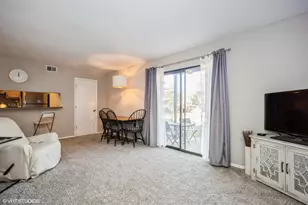 4 Oak Creek Dr, Buffalo Grove, IL 60089 - Photo 10
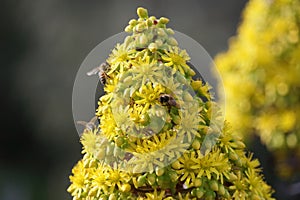 Spring Bloom Series -Honey Bees on Yellow Flowers - Stunning Black Leaves on Aeonium Zwartkop Succulent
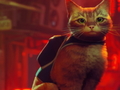 Oyun Stray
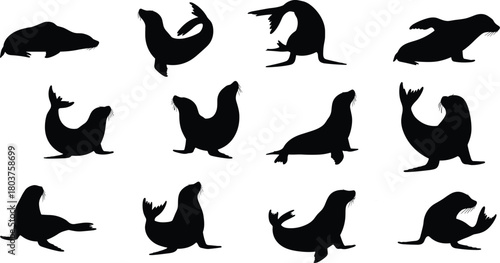 Illustration of silhouette collection of seals isolated on set of various seal poses sea animal silhouettes vector illustration of seals in different positions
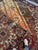 Early 20th Century Stunning Antique Persian Serapi With Crisp Dyes and Rare Animals Inside ~ 10 X 13 For Sale - Image 5 of 7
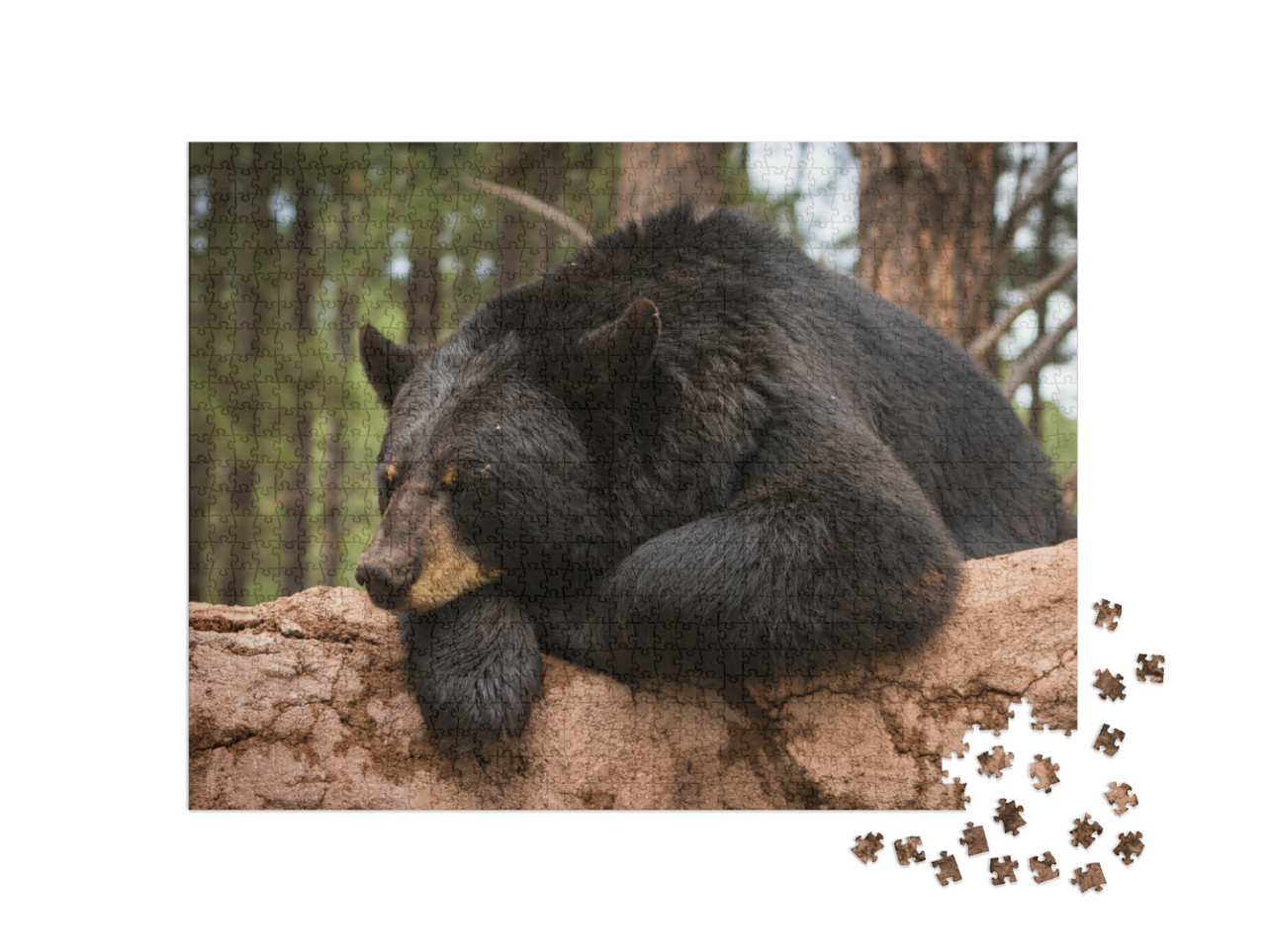 Puzzle de 1000 pièces « Un ours sur un tronc d'arbre »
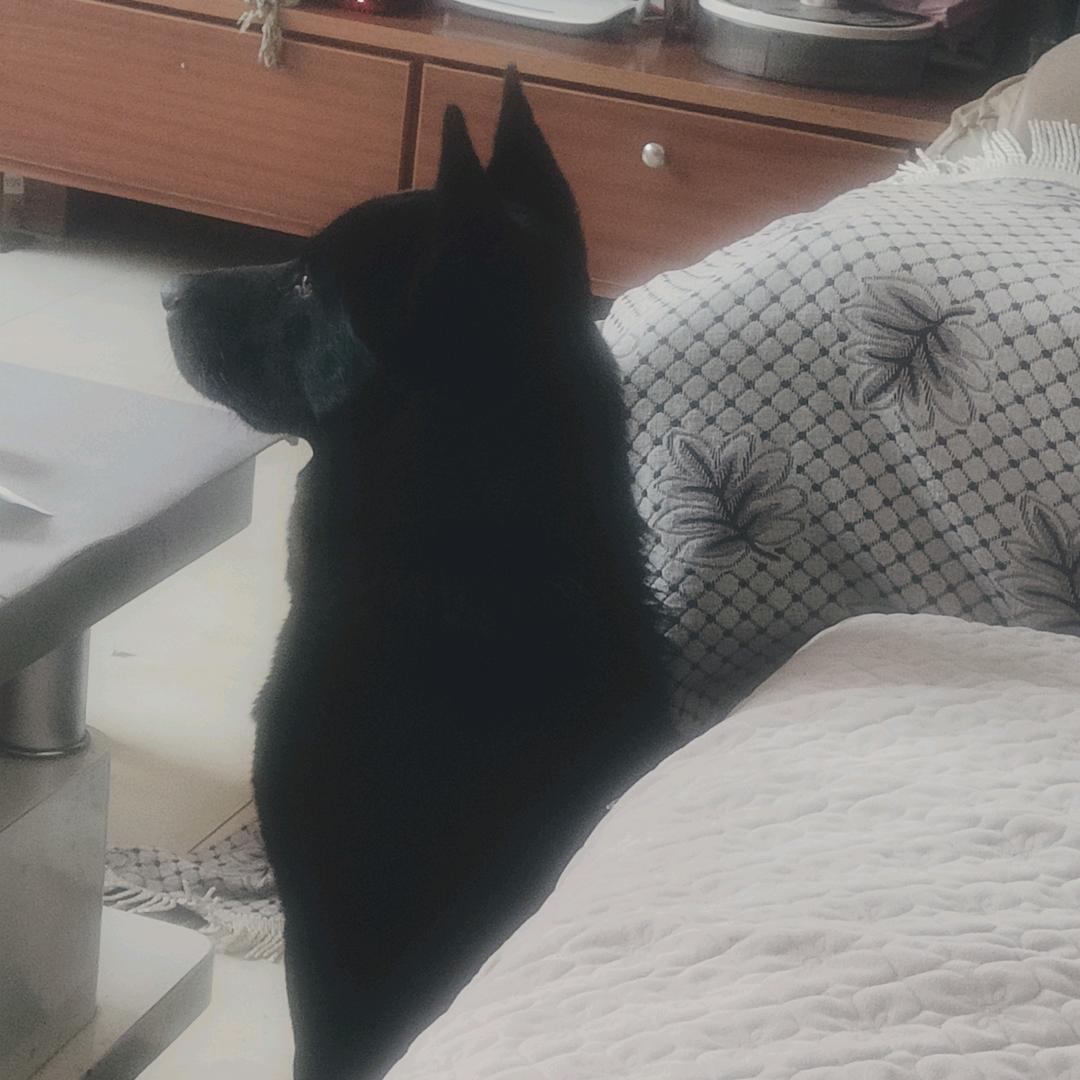 我和二黑（五黑犬）的日常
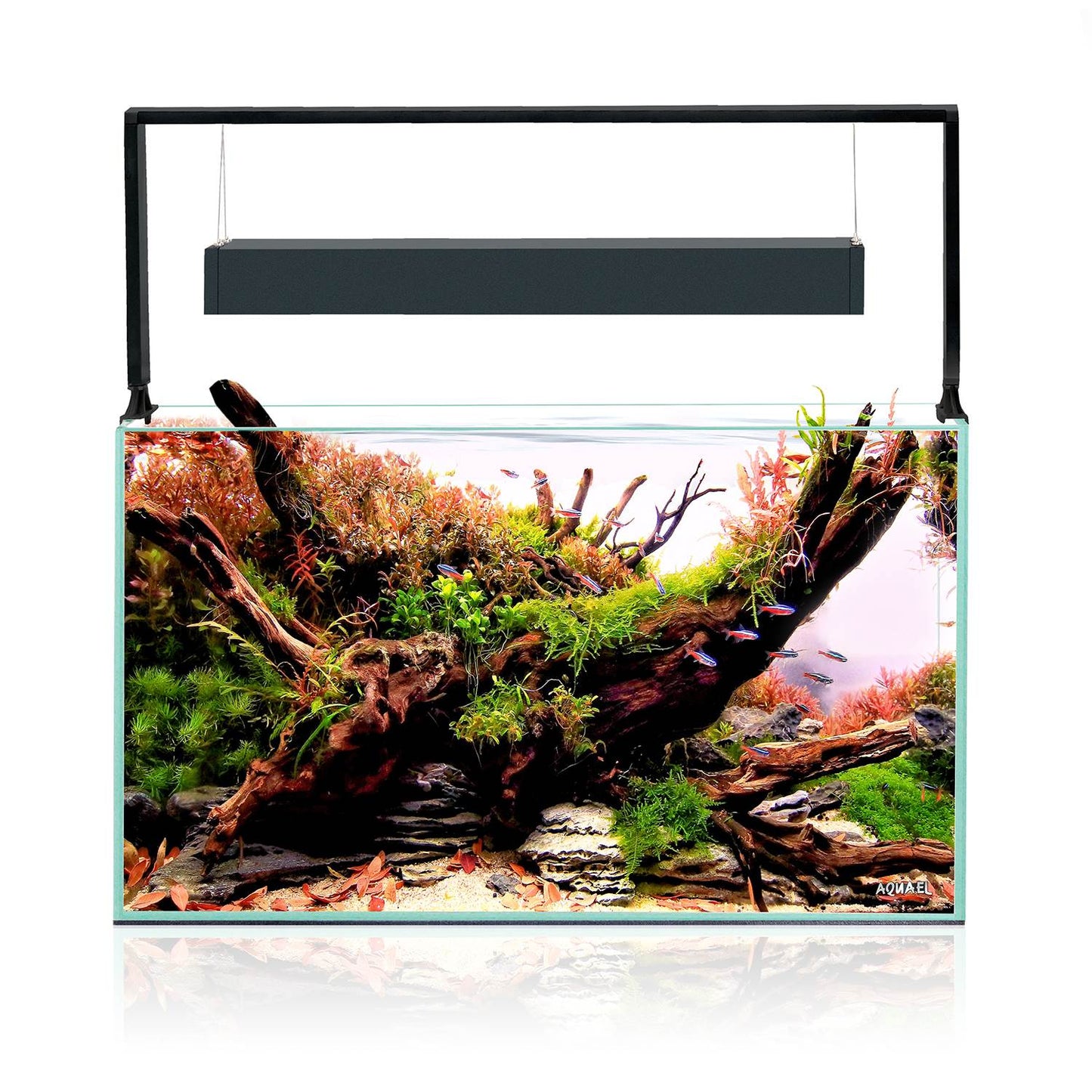 AQUAEL ULTRASCAPE SET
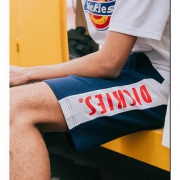 Dickies 字母印花短裤 DK006477 立减60，到手只需299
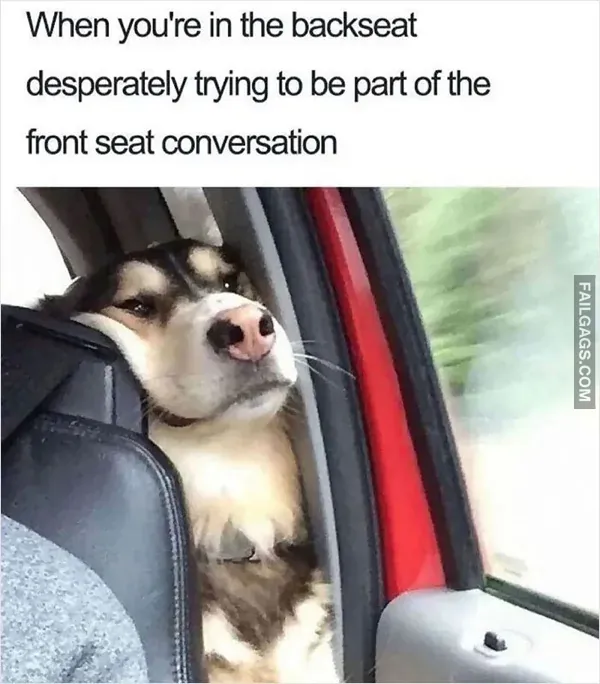 Funny Memes 3 4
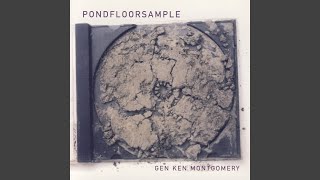 The Aquarium Fishtank Symphony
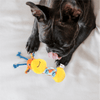 Barkbutler x Fofos Puppy Giraffe Toy for Dogs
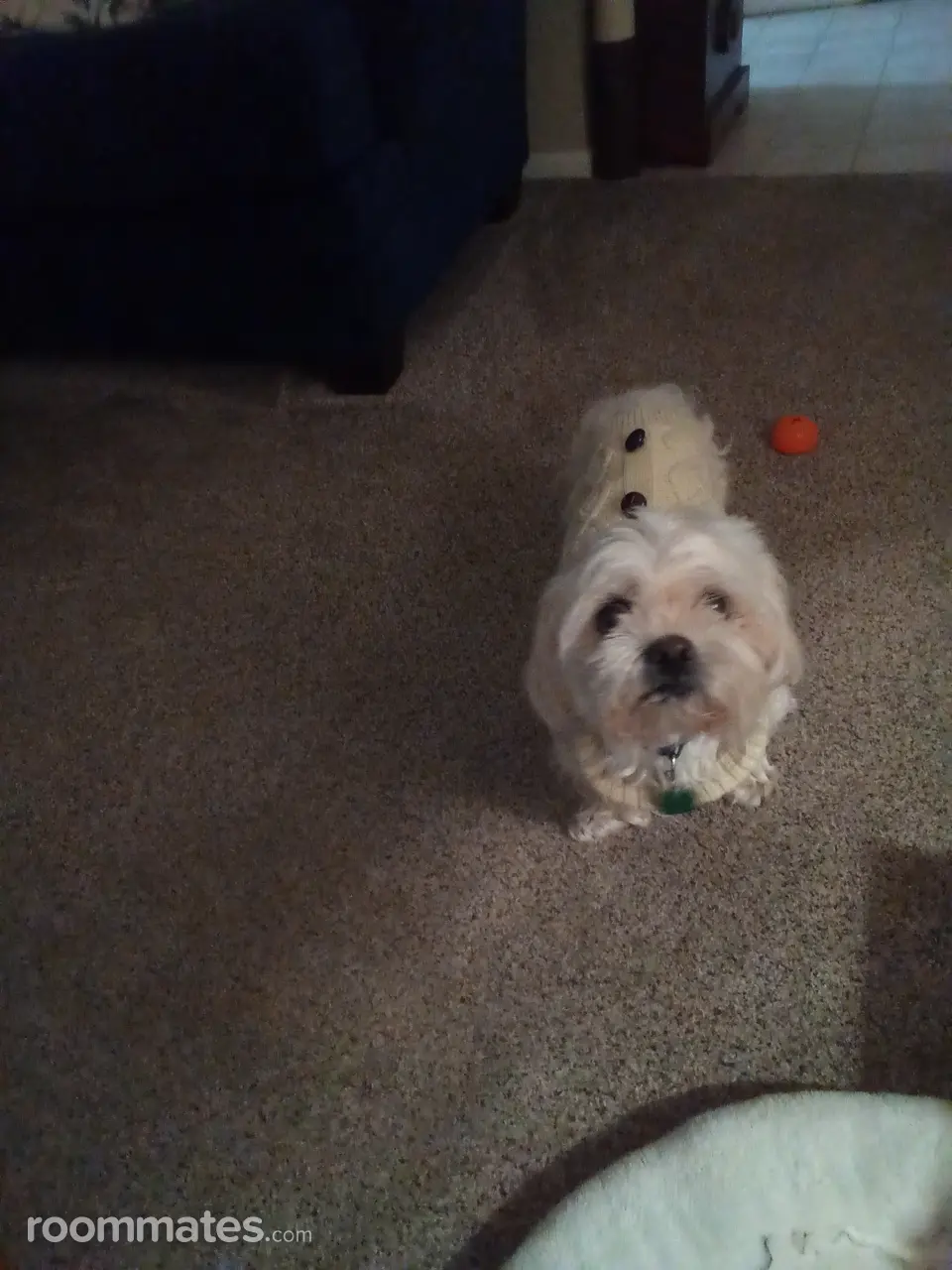 Profile photo 11 of 17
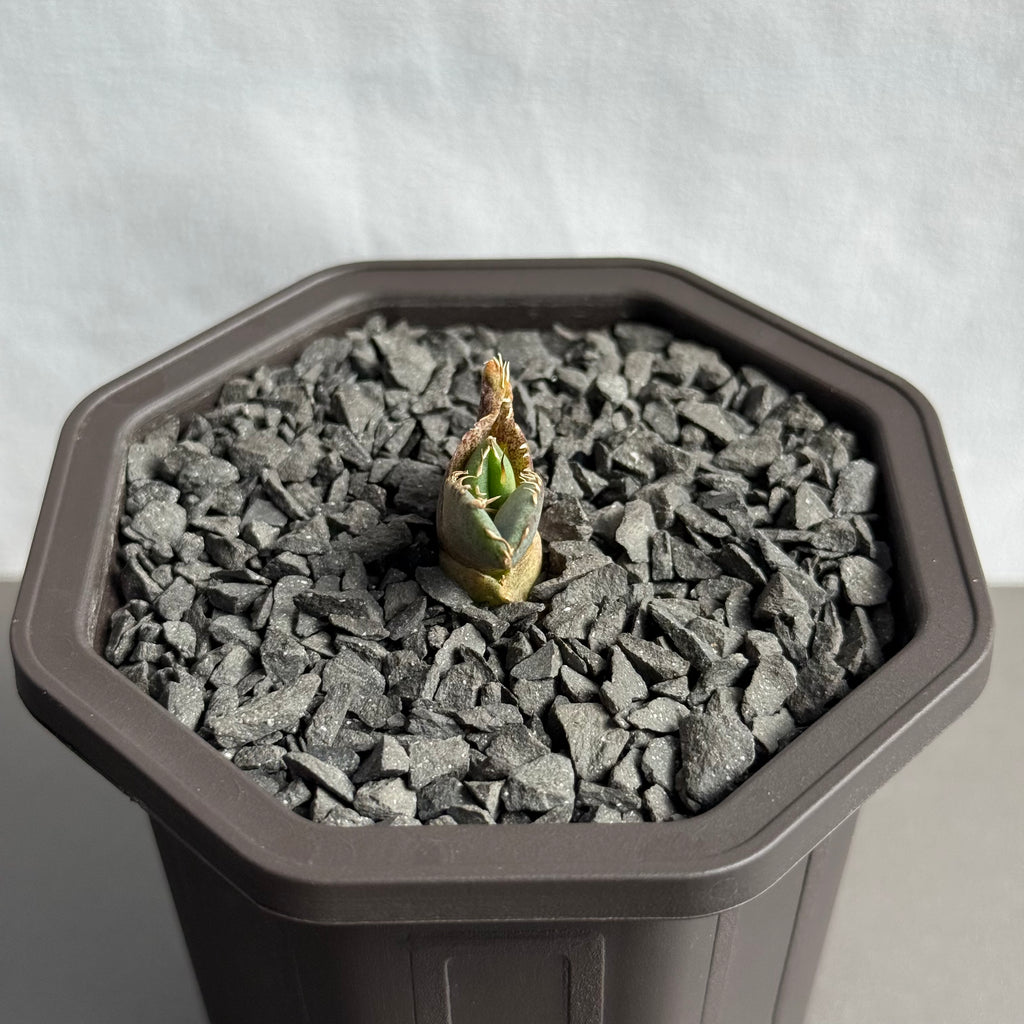 【CAUDEXSAN】<br>アガベ チタノタ 龍瞳<br>'Dragon Eyes' GT-1-1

**What to produce**. Retype exactly, please, the span from the line holding "Dickies 字母印花短裤 DK006477 立减60，到手只需299" through the closing line of the data, both ends included, without the pictures.

**Written reply**.
 Dickies 字母印花短裤 DK006477 立减60，到手只需299
 Funny Memes 3 4
 The Aquarium Fishtank Symphony
 Barkbutler x Fofos Puppy Giraffe Toy for Dogs
 Profile photo 11 of 17
 【CAUDEXSAN】<br>アガベ チタノタ 龍瞳<br>'Dragon Eyes' GT-1-1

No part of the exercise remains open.